Part IV: Generative Vision Models
Chapter 36: Video, 3D Generation & World Models

Text-to-3D & Image-to-3D Generation

"I was trained only to judge flat pictures. Then someone asked me to imagine the back of a teapot I had never seen, by complaining about every angle until the complaints stopped. Somehow it worked, which quietly worries me."

A 2D Diffusion Prior Pressed Into 3D Service
Big Picture

You can generate a 3D object without a single 3D training example, by using a frozen 2D image diffusion model as a critic that scores rendered views of a 3D representation and pushes it toward looking right from every angle.
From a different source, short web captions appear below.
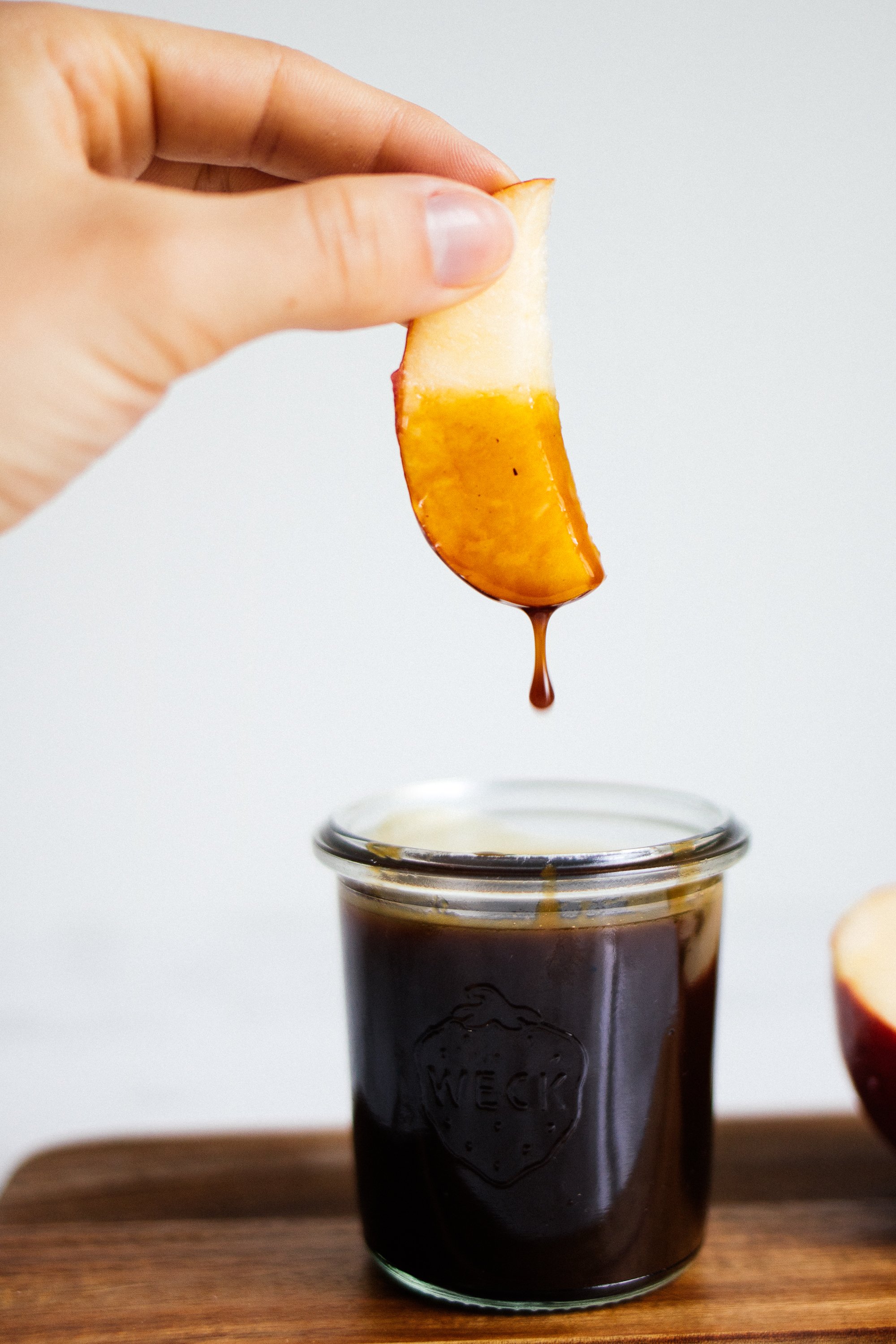 apple slice dipped in vegan caramel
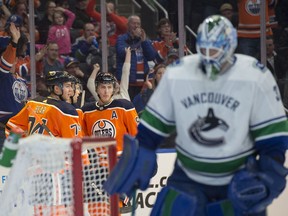Ethan Bear, Kris Russell and Ryan Nugent-Hopkins of the Edmonton Oilers,celebrate a second period goat by Ryan Nugent-Hopkins against the Vancouver Canucks at Rogers Place in Edmonton on April 7, 2018. Photo by Shaughn Butts / Postmedia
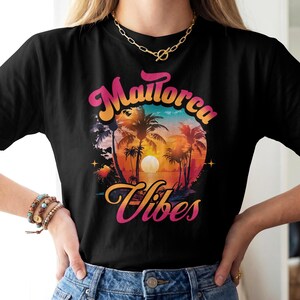 Könnte beinhalten: Ein schwarzes T-Shirt mit einem Grafikdruck eines Sonnenuntergangs über einem Strand mit Palmen und dem Text Mallorca Vibes in einer rosa-orangen Farbverlaufsschrift. Das Design umfasst einen kreisförmigen Rahmen und kleine Sterne.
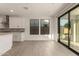 Bright living space with a large sliding door adjacent to the kitchen, offering a seamless transition to the outdoors at 717 E Deer Creek Rd, Phoenix, AZ 85048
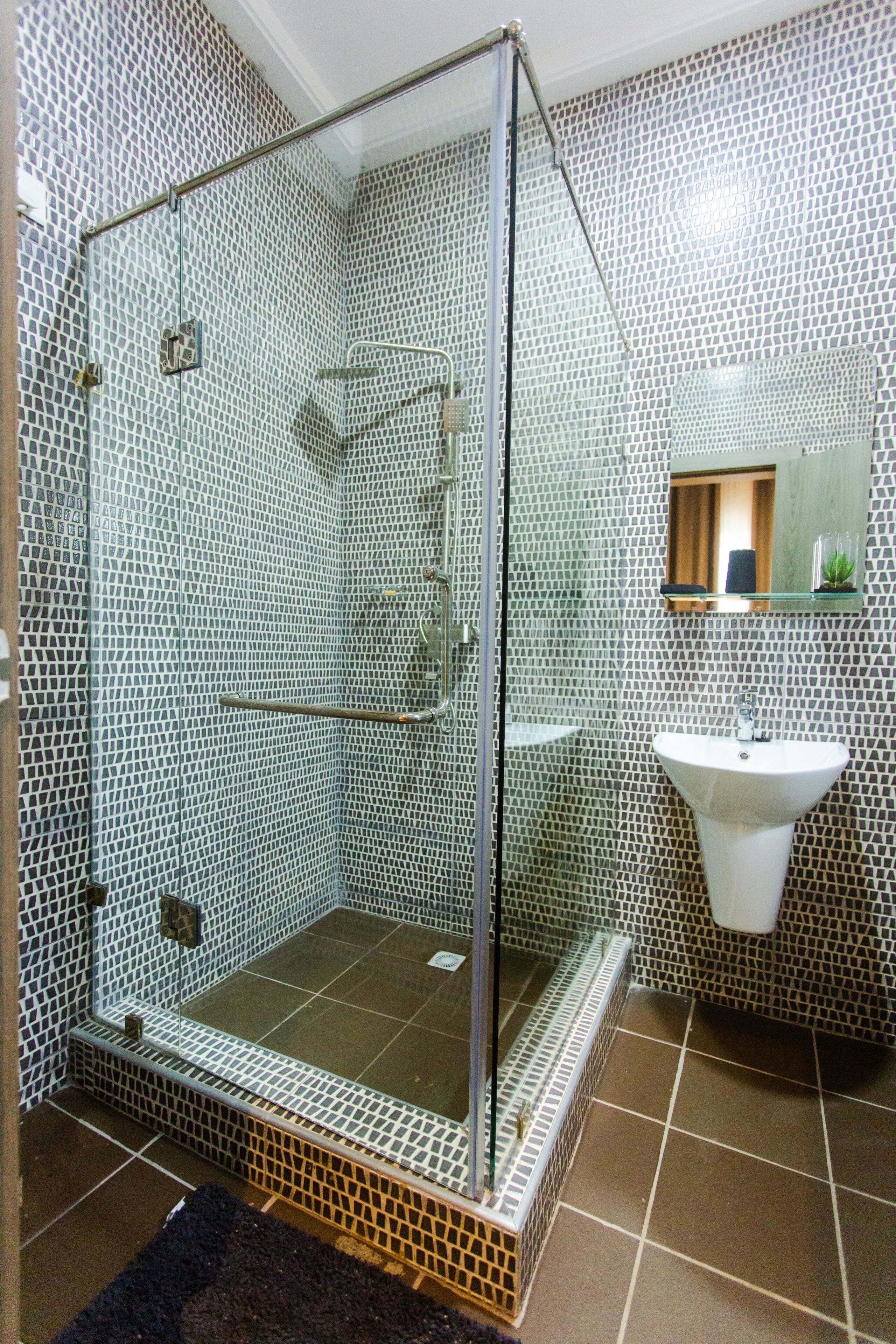 Shower, eco-friendly toiletries, towels, soap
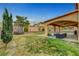 Inviting covered patio with comfortable seating and lush landscaping at 5642 Breckenridge St, North Las Vegas, NV 89081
That trick, score distillation, opened text-to-3D; its slowness and its multi-face artifacts then drove the field to feed-forward generators that produce a 3D asset in one forward pass. This section follows that arc from per-asset optimization to amortized generation, connecting it to the neural scene representations of Chapter 27.

Sections 36.1 and 36.2 grew generation along the time axis, demanding that a thousand frames agree; this section turns to the second axis, depth, where the new demand is that every viewpoint of an object agree with the others. The neural scene representations of Chapter 27, NeRF and 3D Gaussian splatting, were ways to fit a representation to many photographs of one real scene. The question this section answers is different and harder: can we generate a brand-new 3D object from a text prompt or a single image, when we have no multi-view photographs of it at all? The obstacle is data. There are billions of captioned 2D images on the web (the fuel for Chapter 34's text-to-image models) but only millions of 3D assets, far too few to train a text-to-3D model the way we trained text-to-image. The breakthrough was to borrow the 2D model's knowledge.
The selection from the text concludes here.